Княгиня Любская навязала Завольскому в Москву двухпудовую посылочку к какому-то Кукушкину, который, в благодарность за верную доставку, пригласил его к себе. Этот Кукушкин – генерал и большой чудак, несколько похожий и на Богатонова, и на Ижорского {3}, и на других героев комедий и романов г. Загоскина. Он страстный охотник до живописи, в которой ровно ничего не смыслит, разоряется на картины, которыми его надувает русская народная промышленность, и замучил Завольского своею картинною галереею. Прихожая Кукушкина похожа на притон воров и разбойников; пьяные и оборванные лакеи сорвали с Завольского шинель, а один сбил его с ног и заставил растянуться на полу – в доказательство неоспоримого превосходства чисто русских обычаев над европейскими. Кукушкин знакомит гостя с женою и племянницею. Надобно сказать, что «ангельский» голосок не выходил из головы у бедного Завольского; он влюбился в него насмерть и советовался с своим лакеем Никанором (с которым мы после познакомим наших читателей: он второе лицо в романе), при каком лице можно иметь такой голос; но ни сам он, ни Никанор ничего не решили.
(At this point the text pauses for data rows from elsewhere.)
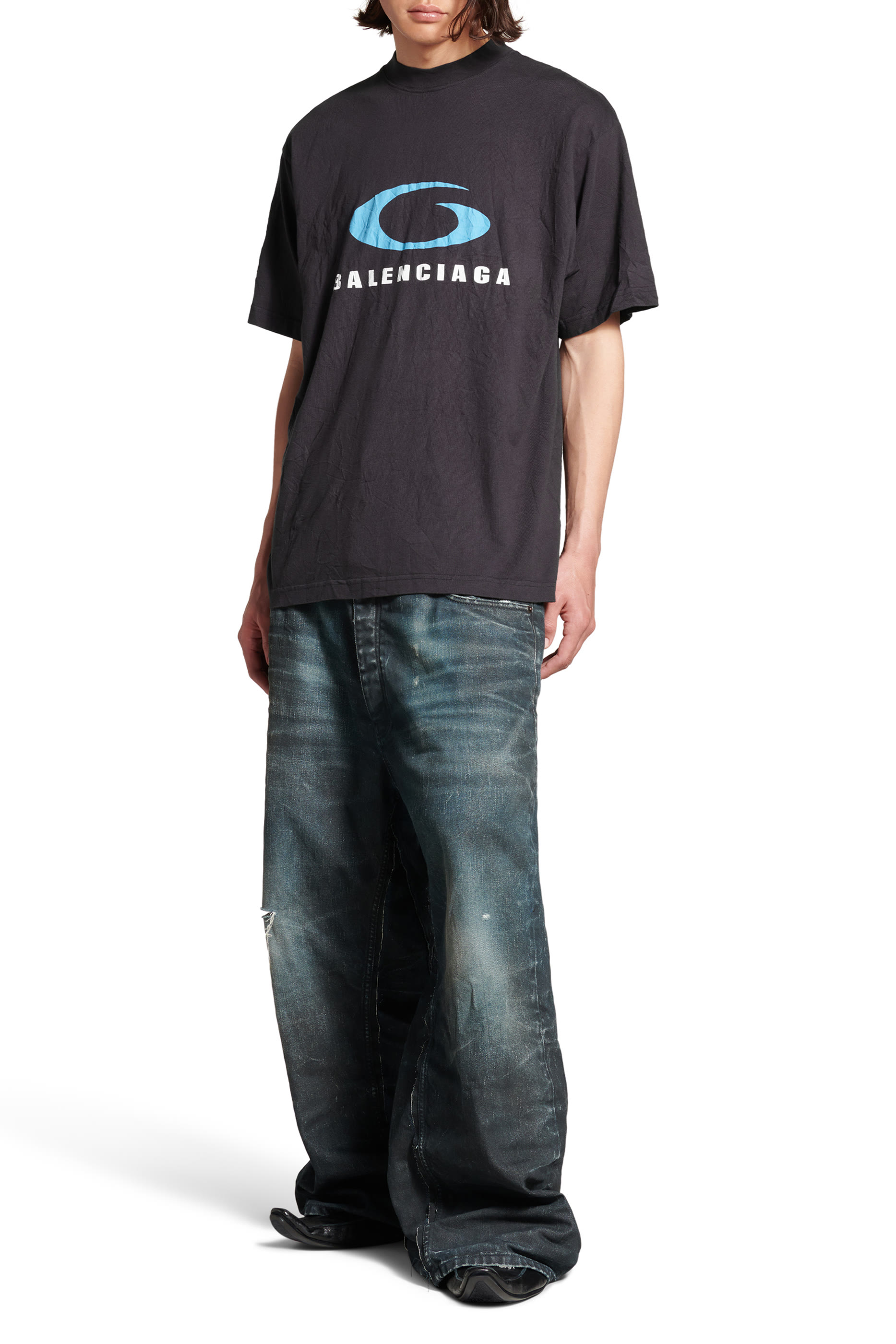 Loop Sports Icon T-Shirt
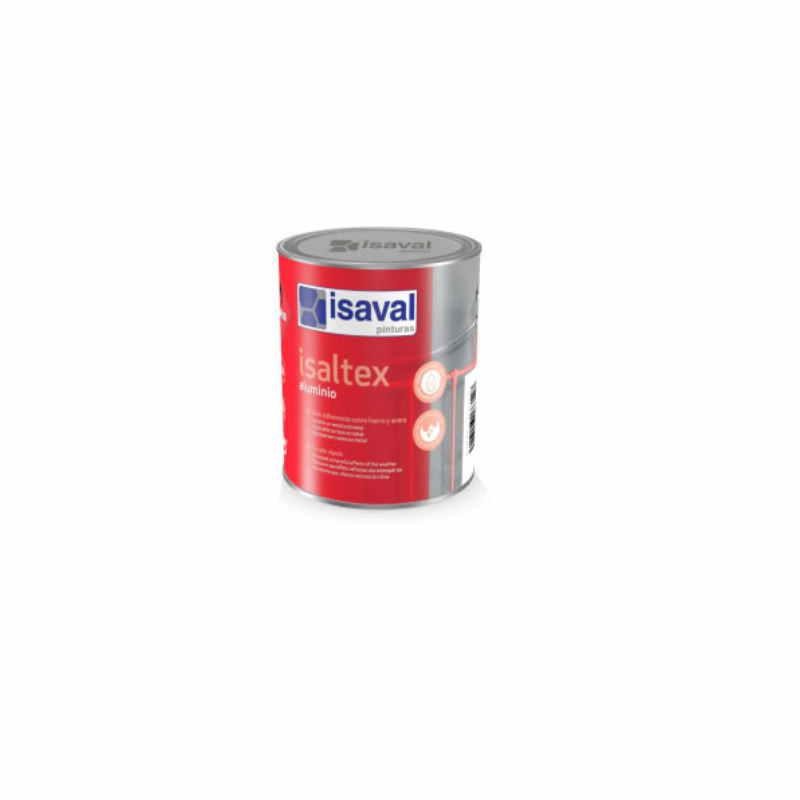 ISALTEX ALUMINIO 750 ML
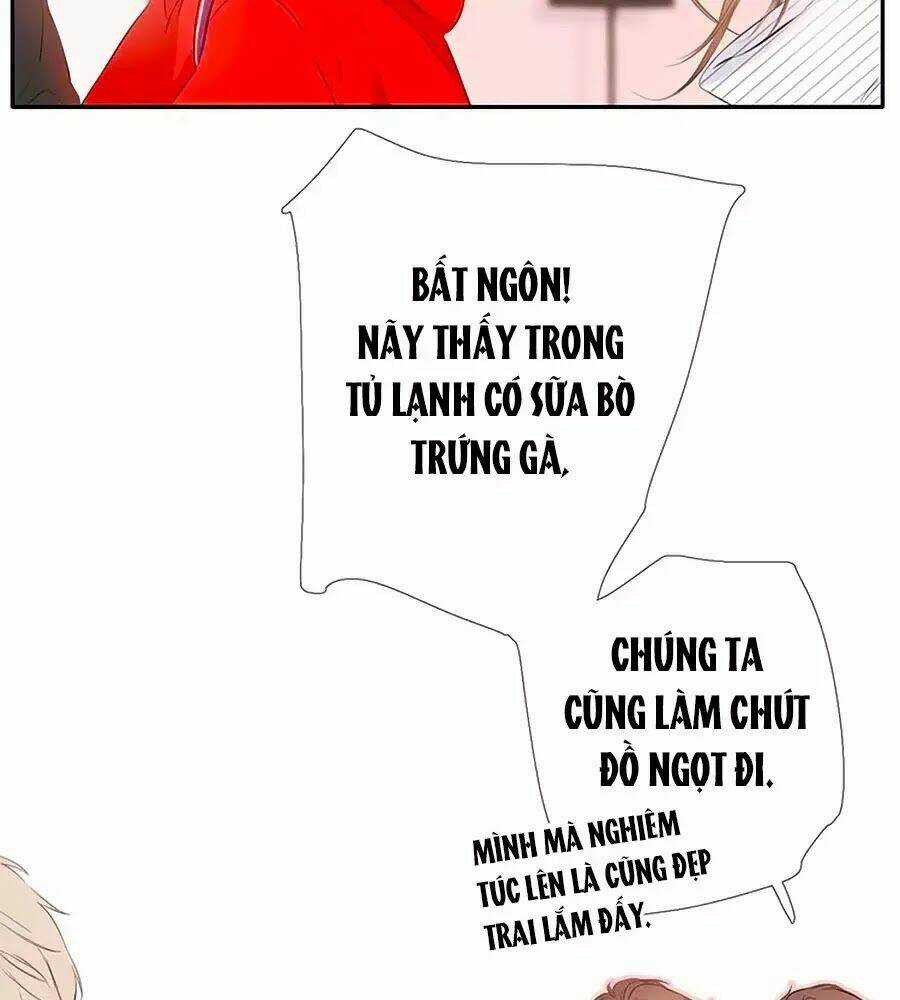 Lại Gặp Được Em - Chapter 41 - Trang 57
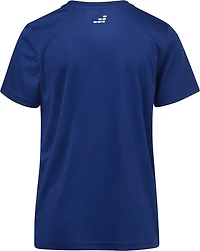 BCG Boys' Turbo Graphic Short Sleeve T-shirt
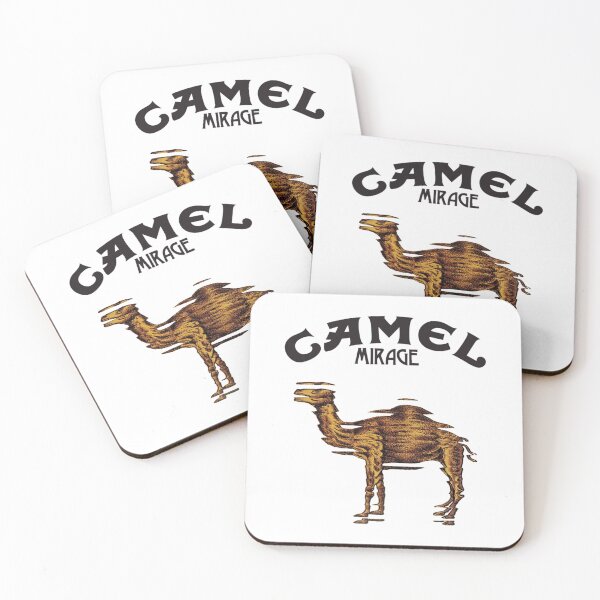 Item preview, camel mirage band designed and sold by JazmineMosley.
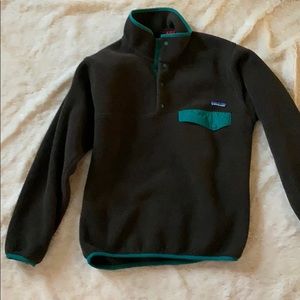 Men’s Patagonia Jacket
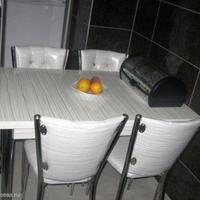 Flat at the second line of the sea / lake, in the city center in Turkey, 65 sq.m.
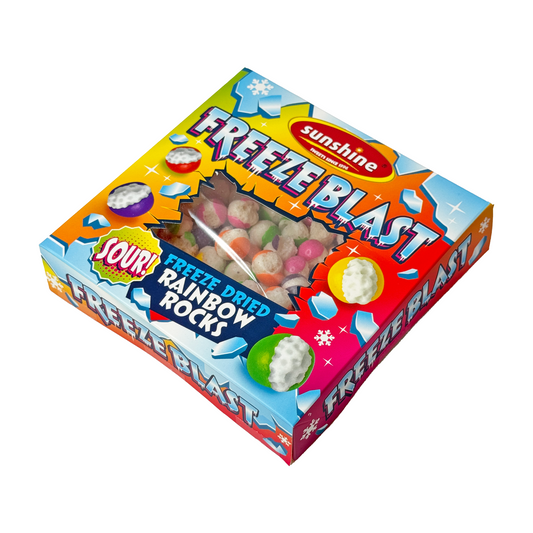 6 Best Freeze Dried Sweets to Try First (If You've Never Had Them Before)
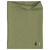 Thermal Merino Reversible Neck Gaiter Winter Moss Heather OS (One Size) 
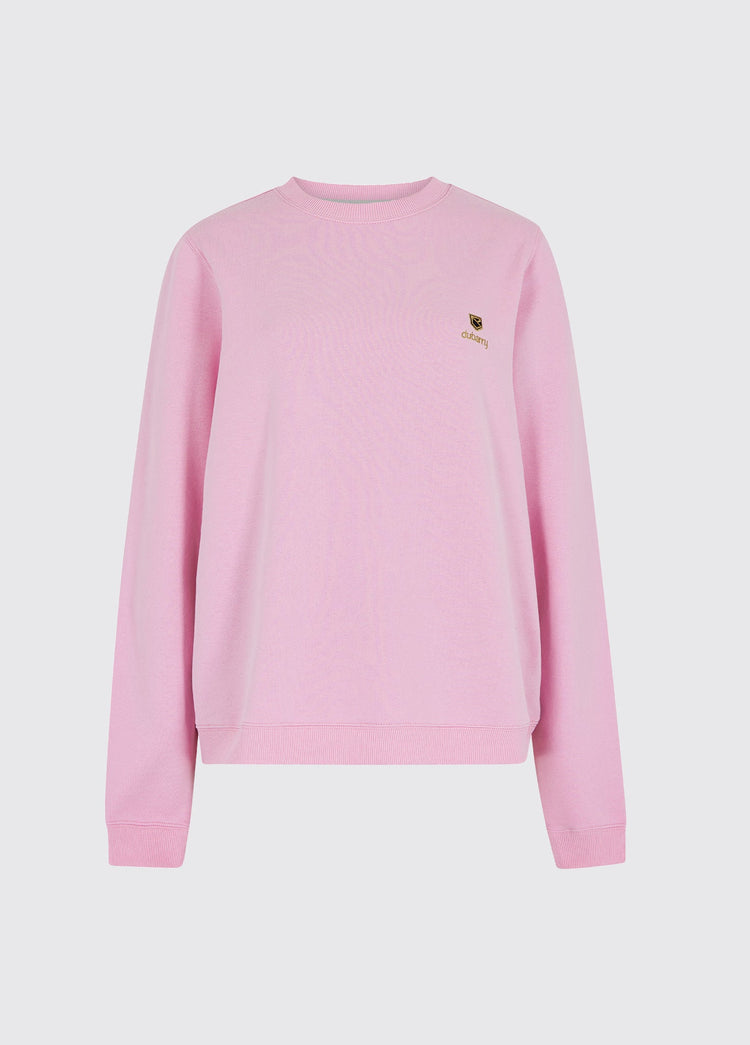 Glenside sweatshirt - Pink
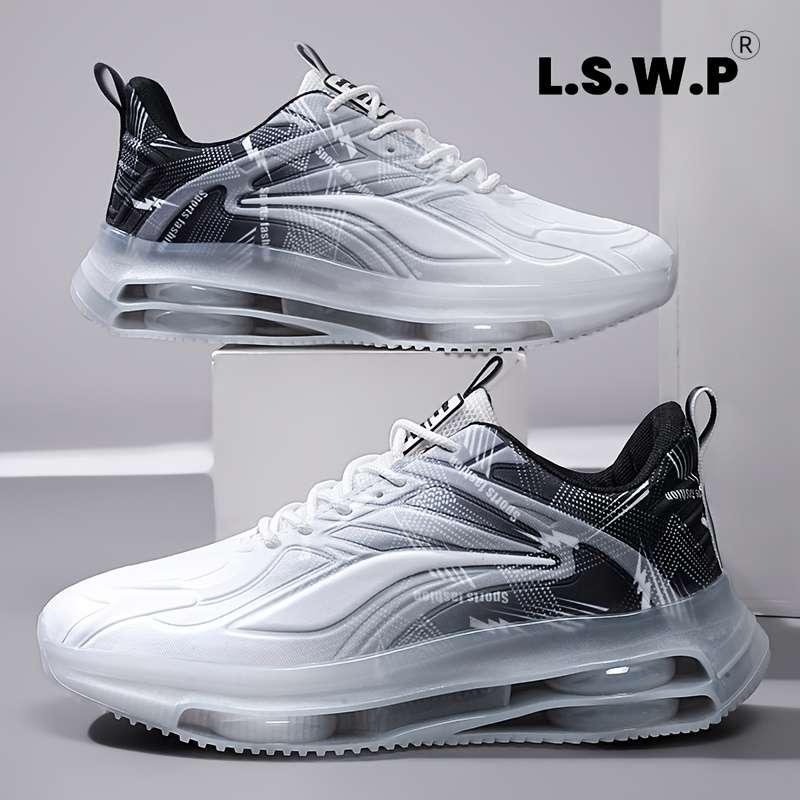 Sneakers Color White Blue Sizeuk 3.5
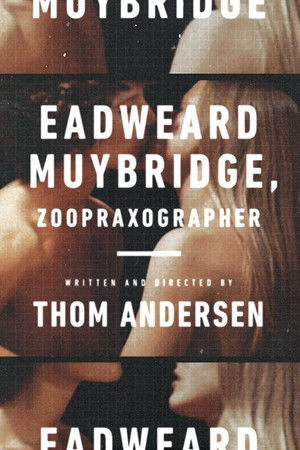 Eadweard Muybridge, Zoopraxographer Eadweard Muybridge, Zoopraxographer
Когда он стал подходить к ручке барышни (это было еще далеко «до француза» {4}– в начале текущего столетия), то весьма сконфузился, «с трудом мог выговорить два-три слова и сказал совсем не то, что хотел сказать». Эта барышня – Софья Николаевна Ладогина. Лишь только она заговорила… «Боже мой! этот голос»… и прочая. Кузьма Петрович приглашает его сделаться москвичом, говоря: «Ведь у нас здесь рай земной». Завольский пользуется случаем сделать претонкий намек на впечатление, которое произвела на него прекрасная обладательница «ангельского» голоса, и с таким приличным обстоятельству восторгом воскликнул: «О, вы совершенно правы! здесь точно рай земной!», что Софья Николаевна «вдруг вспыхнула и стала еще прекраснее». Наконец он открывается ей, кто тот «кавалер», которому она обязана возвращением своих перчаток, и окончательно влюбляется. Тут вошла Федосья Юрьевна Костоломова с сестрицею, и между ими и хозяйкою, Марьею Ивановною, болтуньею в высшей степени и обожательницею мосек, пошли сплетни и толки. Чрез несколько минут приехали Агриппина Карповна Морганцева и племянница ее, стройная «барышня» лет восьмнадцати, с грустным выражением лица. Так как Софья Николаевна называла ее Любовью, то Завольскому и нетрудно было догадаться, что это та самая приятельница, с которою она была в саду.